Editorial illustration for z.ai's GLM-5 logs record low hallucination rate, beats Moonshot's Kimi K2.5
GLM-5: Open Source AI Slashes Hallucination Rates
z.ai's GLM-5 logs record low hallucination rate, beats Moonshot's Kimi K2.5
Why does a new open‑source model matter when the market is already crowded with proprietary giants? Because the metric that often separates hype from utility—hallucination rate—has finally dropped to a level that invites serious scrutiny. z.ai announced that its GLM‑5 model logged a record‑low hallucination rate, a claim backed by a fresh set of benchmarks released this week.
The same evaluation also introduced an RL technique the team nicknamed “slime,” which, according to the developers, helps the model stay grounded during inference. The timing is noteworthy: Moonshot unveiled its Kimi K2.5 just two weeks earlier, positioning it as a direct challenger from China’s well‑funded AI sector. Yet the fresh data suggest that an open‑source effort can not only keep pace but potentially outstrip that momentum.
As Artificial Analysis compiled the numbers, the picture that emerged was unexpected—one that reshapes how we view the balance of power between community‑driven projects and heavily capitalised firms.
High performance GLM-5's benchmarks make it the new most powerful open source model in the world, according to Artificial Analysis, surpassing Chinese rival Moonshot's new Kimi K2.5 released just two weeks ago, showing that Chinese AI companies are nearly caught up with far better resourced proprietary Western rivals. According to z.ai's own materials shared today, GLM-5 ranks near state-of-the-art on several key benchmarks: SWE-bench Verified: GLM-5 achieved a score of 77.8, outperforming Gemini 3 Pro (76.2) and approaching Claude Opus 4.6 (80.9). Vending Bench 2: In a simulation of running a business, GLM-5 ranked #1 among open-source models with a final balance of $4,432.12. Beyond performance, GLM-5 is aggressively undercutting the market.

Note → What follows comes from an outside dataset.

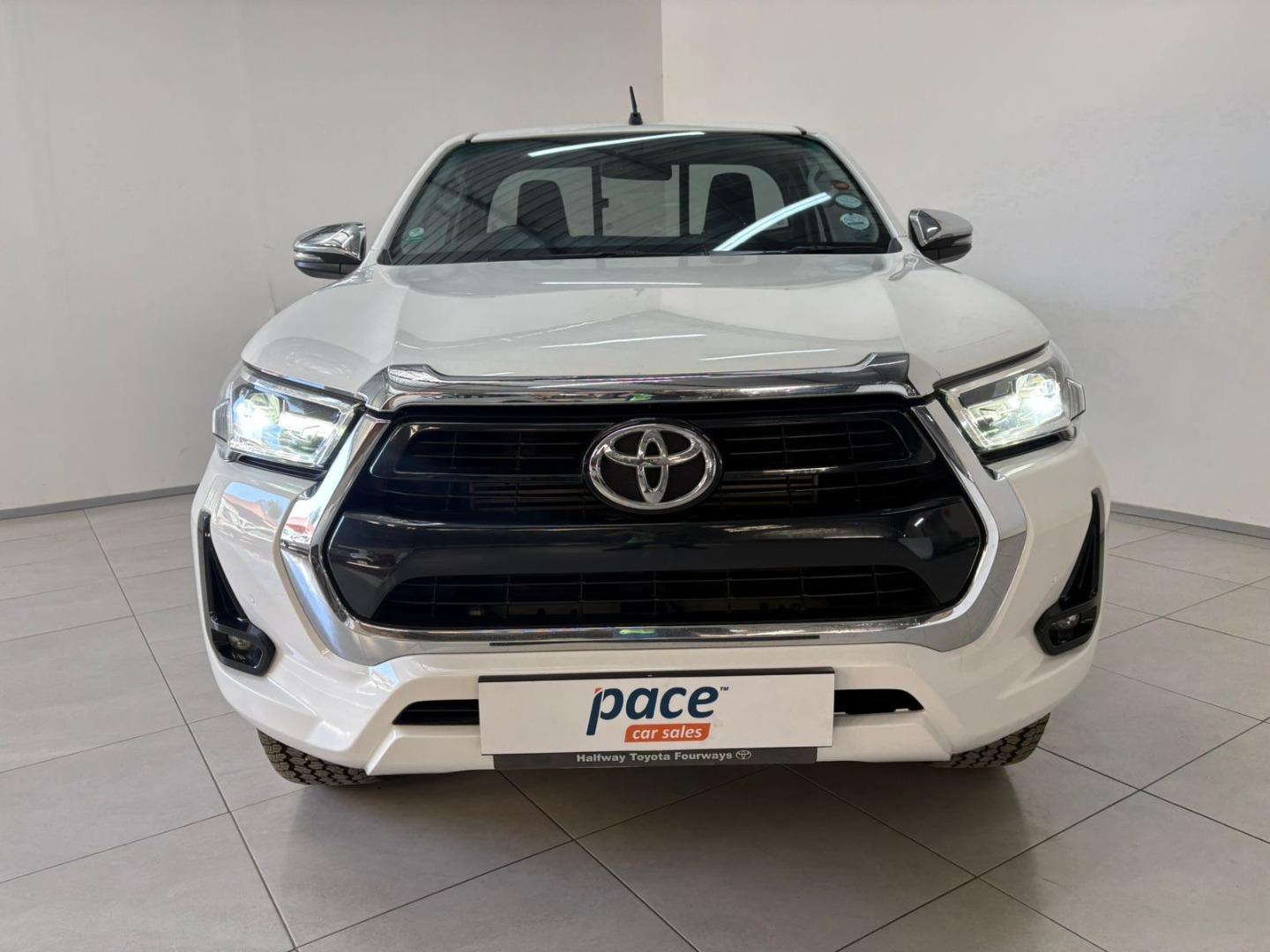Toyota Hilux 2.8GD-6 Single Cab Raider Auto Pace Car Sales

GLM‑5 arrives with an open‑source MIT licence, a detail that may ease enterprise adoption. Its AA‑Omniscience Index score of –1 marks a 35‑point jump, the lowest hallucination rate reported by the Artificial Analysis Intelligence Index v4.0. In that same evaluation, it outperformed Moonshot’s Kimi K2.5, a model released only two weeks earlier.
Yet the benchmark reflects a single, independent test; broader usage patterns remain unknown. Unclear beyond the index. The ‘slime’ reinforcement‑learning technique is cited as a key factor, but the article offers no data on its generality.

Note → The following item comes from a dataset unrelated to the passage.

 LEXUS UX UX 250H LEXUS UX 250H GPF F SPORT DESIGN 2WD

Critics might ask whether the –1 rating translates to real‑world reliability across diverse tasks. Meanwhile, it's claimed to be the most powerful open‑source model, but the ranking comes from Artificial Analysis, not a universally accepted standard. If enterprises prioritize low hallucination, GLM‑5 presents a compelling option, but its long‑term stability and performance under varied workloads have yet to be demonstrated.

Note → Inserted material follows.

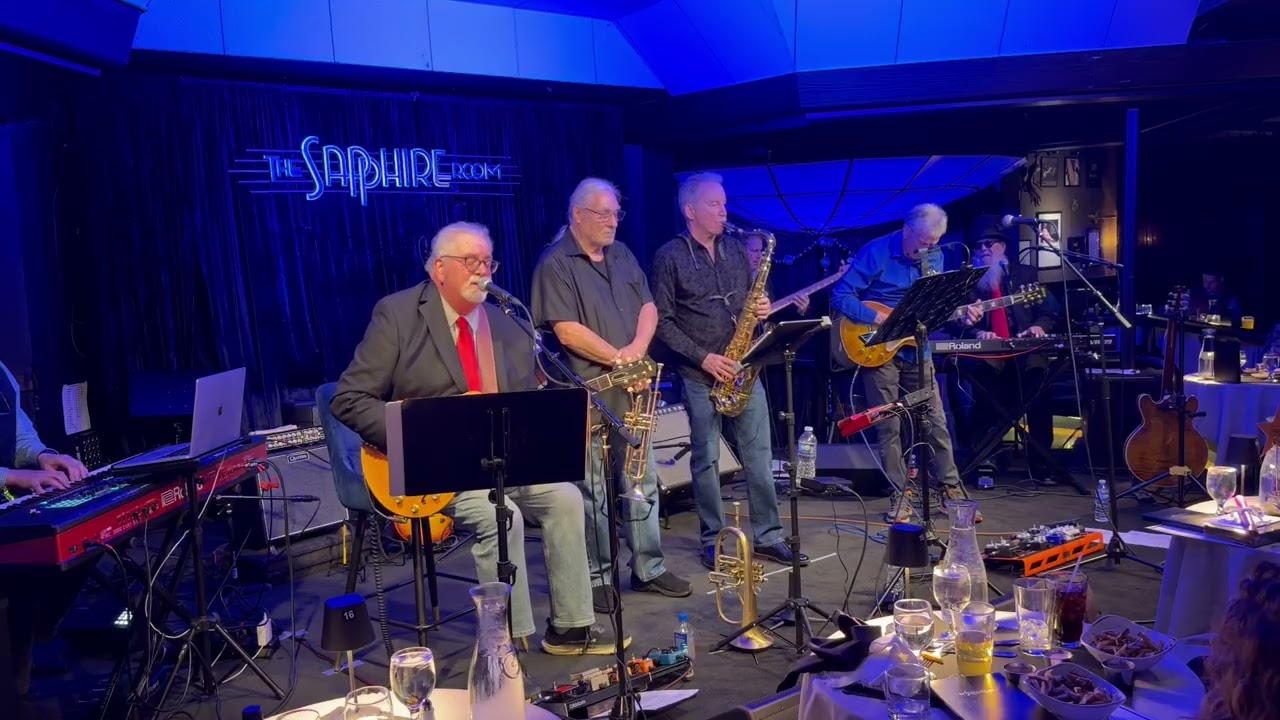 Jeff Engelbert Band 3 Kings Tribute of Albert, BB, and Freddie. December 12th 2025 Sapphire Room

The community will likely watch how the model fares beyond the initial index results.
Further Reading
- GLM-5 - Everything you need to know - Artificial Analysis
- GLM-5: From Vibe Coding to Agentic Engineering - Z.ai
- vectara/hallucination-leaderboard - GitHub/Vectara
- Why Kimi K2.5 Beats Gemini on Hallucination Benchmarks - YouTube
Common Questions Answered
What makes GLM-5's hallucination rate significant in the AI industry?
GLM-5 achieved a record-low hallucination rate with a score of -1 on the Artificial Analysis Intelligence Index v4.0, representing a 35-point improvement over previous models. This breakthrough suggests a major advancement in AI reliability and accuracy, potentially addressing one of the most critical challenges in large language model development.
How does GLM-5's architecture differ from its previous generations?
GLM-5 scales up to 744 billion total parameters with 40 billion active parameters, a significant increase from the previous 355 billion total parameters with 32 billion active parameters. The model integrates DeepSeek Sparse Attention and uses a Mixture-of-Experts architecture, expanding its pre-training to 28.5 trillion tokens and improving its overall performance capabilities.
What is unique about GLM-5's development and licensing approach?
GLM-5 is released with an open-source MIT license, allowing for flexible enterprise deployment and avoiding vendor lock-in. The model was uniquely trained entirely on Huawei Ascend chips, emphasizing China's commitment to technological independence in AI infrastructure.